Preparing a Zarr dataset for our CNN training

Preparing a Zarr dataset for our CNN training#

Author: Eli Holmes (NOAA)

Goal: an xarray Dataset on a Google Bucket

For fitting our CNN model with TensorFlow, we want an xarray Dataset with our predictors and response variables. We need the variables to be chunked dask arrays. The time dimension should be named time and grid lat and lon, for use in my fitting code.
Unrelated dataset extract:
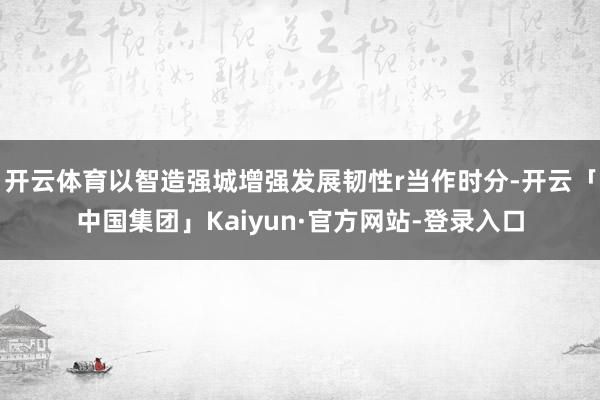 开云体育以智造强城增强发展韧性r当作时分-开云「中国集团」Kaiyun·官方网站-登录入口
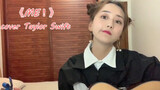 【Music】Cover of Taylor Swift-ME!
We also need an ocean mask.

I will put it in a public Google Cloud Bucket for easy access and sharing.

Prep and wrangle the data#

Subset to a smaller spatial region
Subset to only the variables I need
Get rid of days with all NaNs in the response variable (no data for comparing)
Add a seasonal term
Add an ocean mask

The final xarray will have this

time, lat, lon
sst, so, topo (SST, salinity, bathymetry)
y (gapfree chlorophyll)
ocean_mask
sin, cos

Save to a cloud-optimized format#

Save in Zarr format. Why Zarr? It is a standard ML-optimized format for gridded data.

Chunked & lazy loading: Keeps your Dask chunking intact.
Efficient: Only loads the data you need into memory.
Parallel IO: Works great with Dask for scalable access.
Flexible: Plays well with training pipelines in TensorFlow or PyTorch via prefetching or conversion.

Put in a Google Cloud Bucket. Why? Easy access for a big dataset.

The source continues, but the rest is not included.